On 01/04/2025 08:52, Galder Zamarreno wrote:


    I'm not sure what "test harness" and "test jar" means here but
    just to say that jrt-fs.jar is in the JDK run-time.


^ Are you sure? The default make target, `exploded-image`, doesn't build the jrt-fs.jar. Aside from `test`, `images` does build the jar.

    When an IDE running on JDK X needs to build/run a project for
    target JDK Y then it will use the jrt file system to access the
    classes in the target JDK. jrt-fs.jar is the provider
    implementation that JDK X will load to do this.


If the jar does not mean, seems like an exploded image jdk won't work for ^?

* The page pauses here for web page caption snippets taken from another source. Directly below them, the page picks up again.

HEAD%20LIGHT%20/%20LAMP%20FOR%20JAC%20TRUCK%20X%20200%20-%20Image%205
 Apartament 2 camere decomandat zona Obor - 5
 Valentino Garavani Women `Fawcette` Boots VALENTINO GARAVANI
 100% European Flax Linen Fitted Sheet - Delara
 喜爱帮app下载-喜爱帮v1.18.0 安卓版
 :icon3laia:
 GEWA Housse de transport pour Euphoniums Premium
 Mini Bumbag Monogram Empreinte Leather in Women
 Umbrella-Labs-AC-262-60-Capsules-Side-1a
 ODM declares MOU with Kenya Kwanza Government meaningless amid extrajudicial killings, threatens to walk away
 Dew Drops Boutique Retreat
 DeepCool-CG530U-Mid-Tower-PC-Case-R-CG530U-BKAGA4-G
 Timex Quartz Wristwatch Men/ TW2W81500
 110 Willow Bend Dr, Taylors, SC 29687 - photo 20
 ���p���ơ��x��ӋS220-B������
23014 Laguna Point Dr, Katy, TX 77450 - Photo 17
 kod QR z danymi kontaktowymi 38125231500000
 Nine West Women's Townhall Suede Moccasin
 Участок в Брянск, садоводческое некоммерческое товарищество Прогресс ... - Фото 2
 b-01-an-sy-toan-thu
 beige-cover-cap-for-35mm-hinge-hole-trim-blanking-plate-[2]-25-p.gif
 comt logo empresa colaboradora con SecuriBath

jrtfs provides access, via the file system API and provider mechanism, to the classes/resources in the "current" run-time image. It handles exploded builds and images builds.

jrtfs also provides access to the classes/resources in a remote/target JDK, think IDE running on JDK $X but targeting JDK $Y. Creating a jrtfs file system on JDK $X with home=JDK $Y will load the file system proivider from JDK $Y jrt-fs.jar. This is why the classes in jrt-fs.jar are compiled --release 8.

I think you are asking why the exploded build doesn't include jrt-fs.jar. I suppose it could but the exploded build is just an interim step in the JDK build and not something that a vendor would ship. If there were a strong need for an IDE running on JDK $X to target an exploded build of JDK $Y then it can be made it work but it seems a less interesting setup.

Hopefully it is starting to be clear that jrt-fs.jar is not tied to testing the JDK, it is needed in an images build to support IDEs (and other tools) that target the JDK.